Within her initial works, once she was established in the Havana near 1935, it is remarkable a series of drawings in which some designs taken from Cuban interior domestic rooms are glimpsed; such artworks already announce the transformation of the finds of the Cubism into a less strict and more national language. Perhaps her watercolors belong to this first stage where wide curves govern all the composition and the areas of color are extended in ranges that are restricted but also rich in red, orange, blue and sienna shades… Once more the opulence of those Creole salons is exposed with discrete sensuality in a space that has become quiet and homogeneous, a space that reveals the local forms created by our craftsmen, that recovers and transforms the past.
Colonial balustrades, scrolls, colonnades, designs of floors, screen and stained glasses become the structural elements, along with the typical shades that have traditionally accompanied these forms. Loneliness and nostalgia woo these artworks, the desire for a universe in ruins that still retains shoots of elegance and distinction, vestiges of a culture that we recognize as ours.
However, the personal morphology of her artworks reveal, with the autochthony of the discourse, a modern artistic language, emancipated at the time, which is even a prelude of the national abstraction. In her watercolors, Amelia builds, recreates at will, she is not satisfied with what she sees with her eyes; that vision is the primary stimulus for a constructive production that searches for the artistic possibilities of an environment freely chosen.

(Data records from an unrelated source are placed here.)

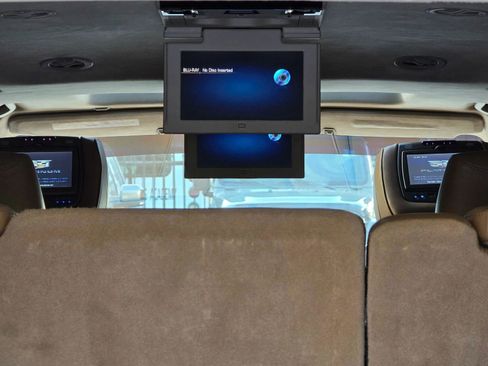 Used 2016 Cadillac Escalade ESV Platinum image 31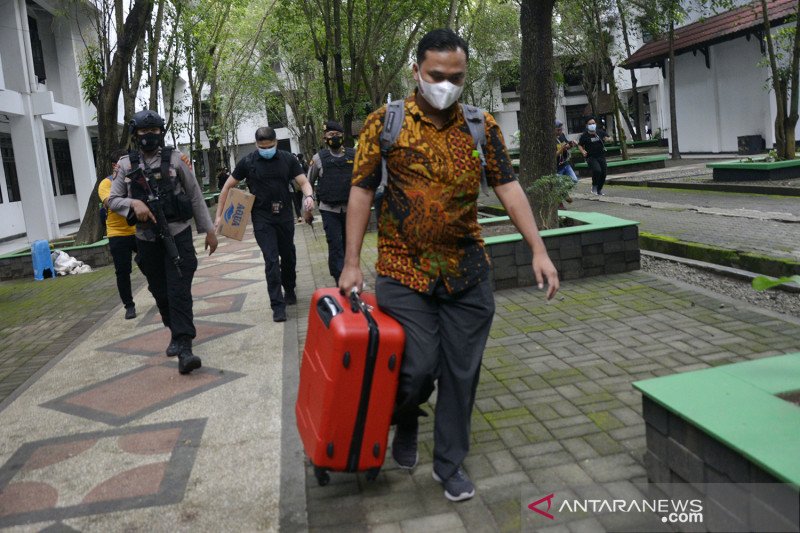 KPK geledah kantor Gubenur Sulsel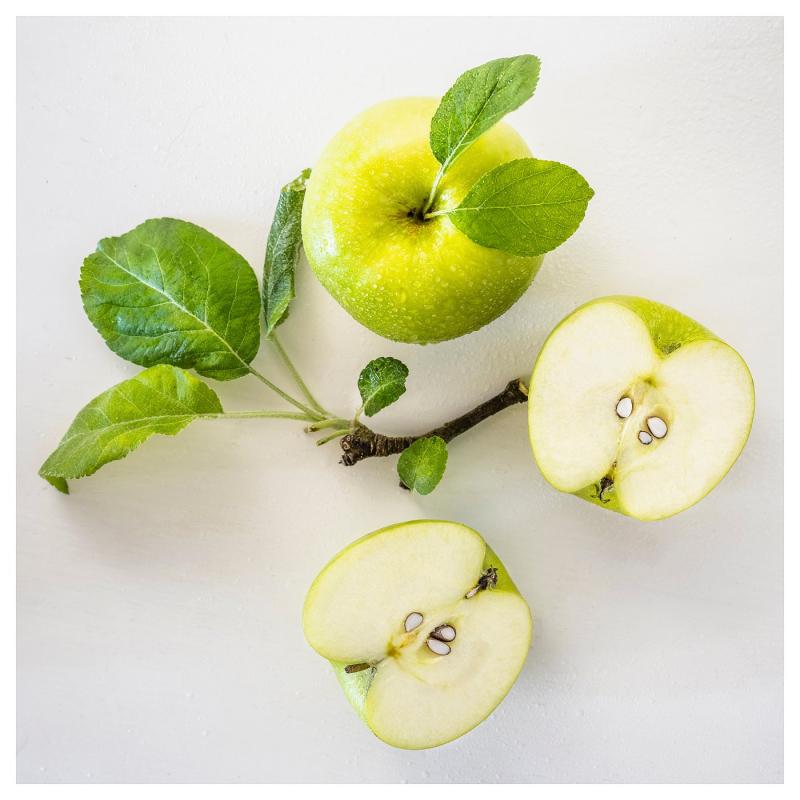 LÖVSKOGSLUND ローヴスコグスルンド アロマキャンドル グラス入り - リンゴ/ライトグリーン 40 時間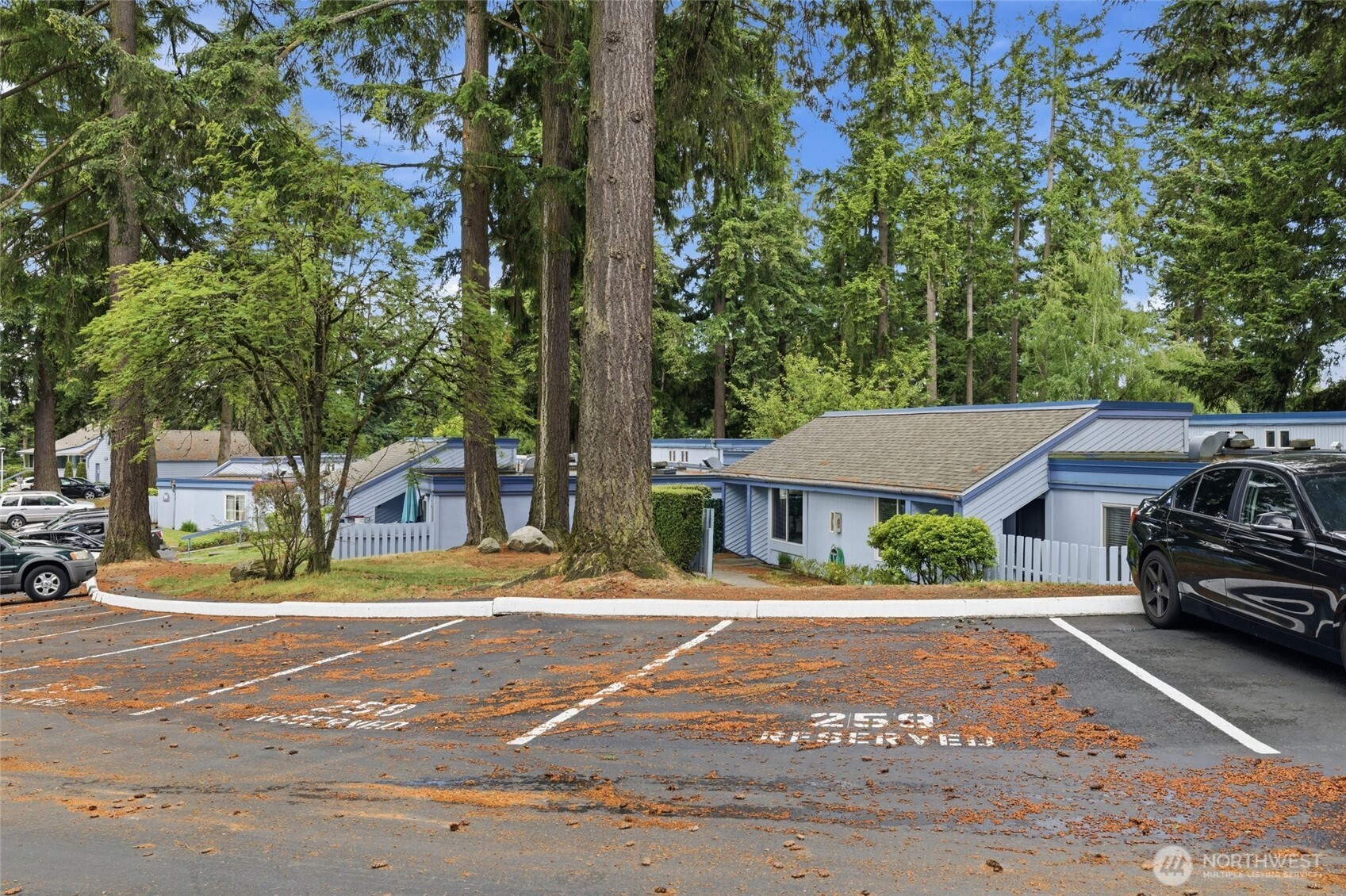 4308 Northeast Sunset Boulevard, Unit V3 Renton, WA 98059 - Photo 23 of 35
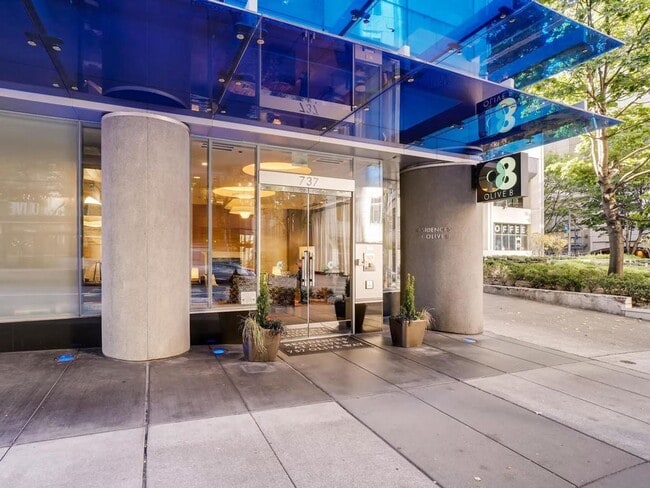 Foto del edificio - 25th West facing luxury unit located top of Hyatt Hotel!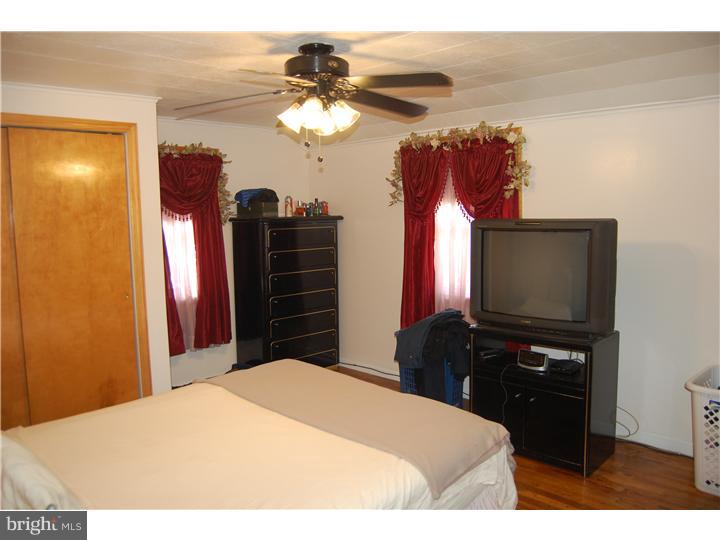 1008 Edgerton Road Secane, PA 19018 - Photo 8 of 18 Bedroom - Main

Similar to her more recognized interior rooms, the watercolors lack of figures that could allude to human presence. They are enough to themselves, amid the apparent mottling of architectural and decorative elements illuminated by the clarity that offers the stained glass. However, Amelia is in every detail, in that enclosed world that is configured again and again, and which was, without any doubts, her everyday environment, her protection and shelter.
Two great artists saw the light under cover of the artistic avant-garde, two figures that are icons of the art and the culture on the Island. Amelia Peláez and Antonia Eiriz played an important role in the thankless, heroic and extended fight of the local artists for imposing a new, effective and truly Cuban language. Without any doubt, the first artist fertilized the second one.